I dressed in jeans, black polo neck, black leather jacket, got my gun and went outside to the BMW. I checked underneath it for mercury tilt switch bombs, didn’t find any. I was about to get in the car when I remembered that I needed to get the riot gear spray-cleaned at the station, to get the whiff off it. I went back inside, got my riot gear, put it in the back seat of the car, locked it and returned a final time.
‘I’m leaving,’ I shouted upstairs.
‘Look after yourself, Sean,’ she said.
‘That’s it?’
‘C’est tout.’
I closed the front door, checked under the Beemer, got inside and drove down Coronation Road and along Taylor’s Avenue.
‘Beth!

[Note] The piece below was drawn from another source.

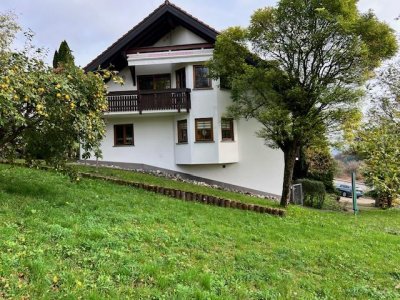 In einer kleinen gepflegten Wohnanlage mit nur 3 Parteien erwartet Sie diese grosszügige Wohnung mit ca. 110 m² Wohnfl., Schwedenofen, Erker, Balkon, Blick, Garage, Schopf
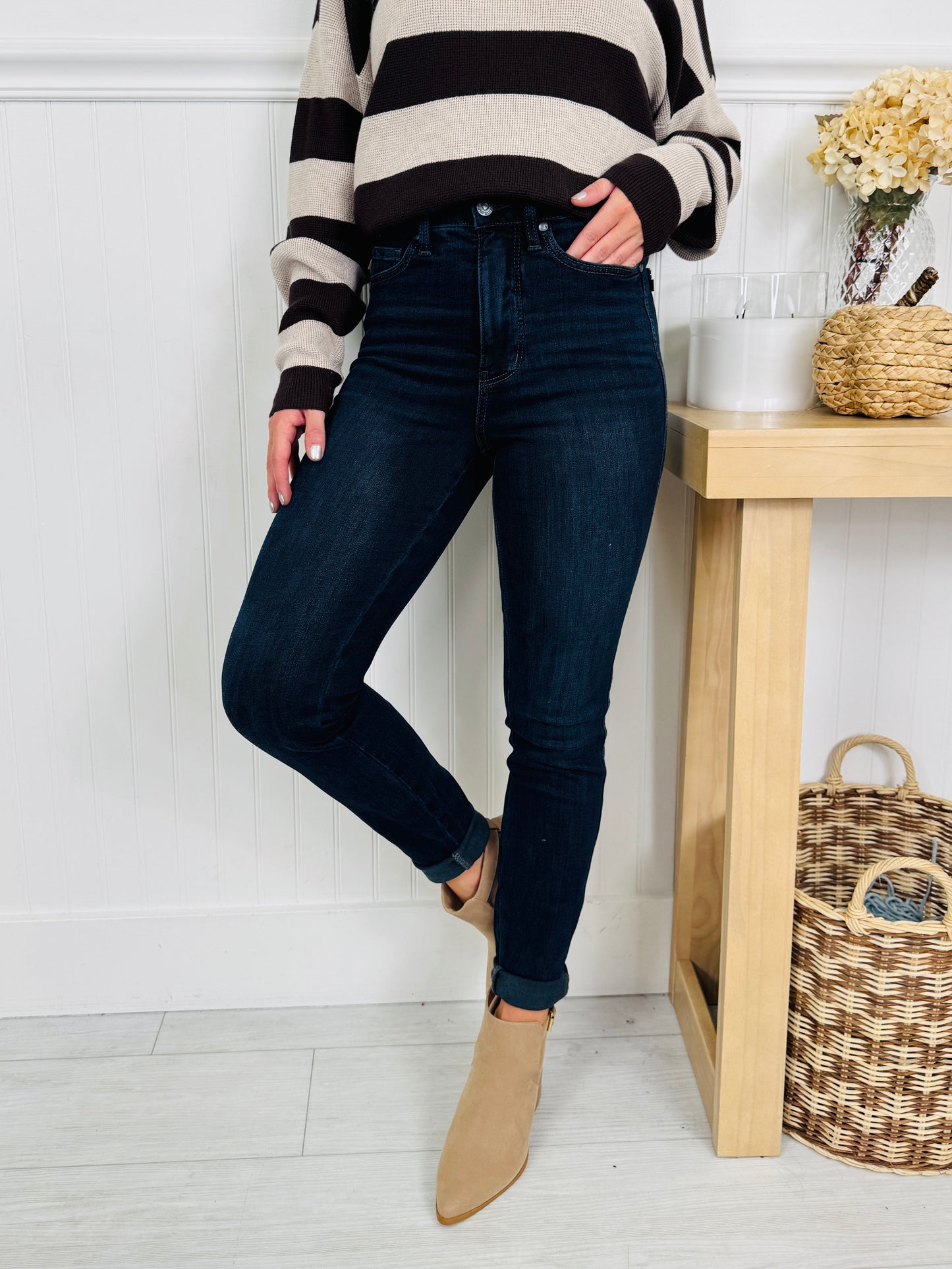 Judy Blue Sleek Situation Tummy Control Skinny Jeans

Jesus! How can you do this to me? What went wrong?’ I said to the good-luck Snoopy she had stuck on the dashboard. Snoopy kept his own counsel and I was still nonplussed when I parked in front of the Coast Road, Carrickfergus’s only hotel.
Lawson was standing outside, waiting for me.
‘I’m very sorry about this, sir, only the Chief Inspector told me to call you,’ he said, as soon as I got out of the car.
‘The Chief Inspector is here?’ I asked, surprised. He occasionally showed up when there was a murder. But a theft case?
‘Yes, sir. And Chief Superintendent McBain and you just missed Superintendent Strong.’
‘Oh shit. What the hell’s going on, Lawson?’
‘Perhaps you should come inside, sir.’
‘All right.’
We went inside the rather smart seaside hotel that would have been thriving but for the fact that this was bloody Carrick, and bloody Carrick during the bloody Troubles.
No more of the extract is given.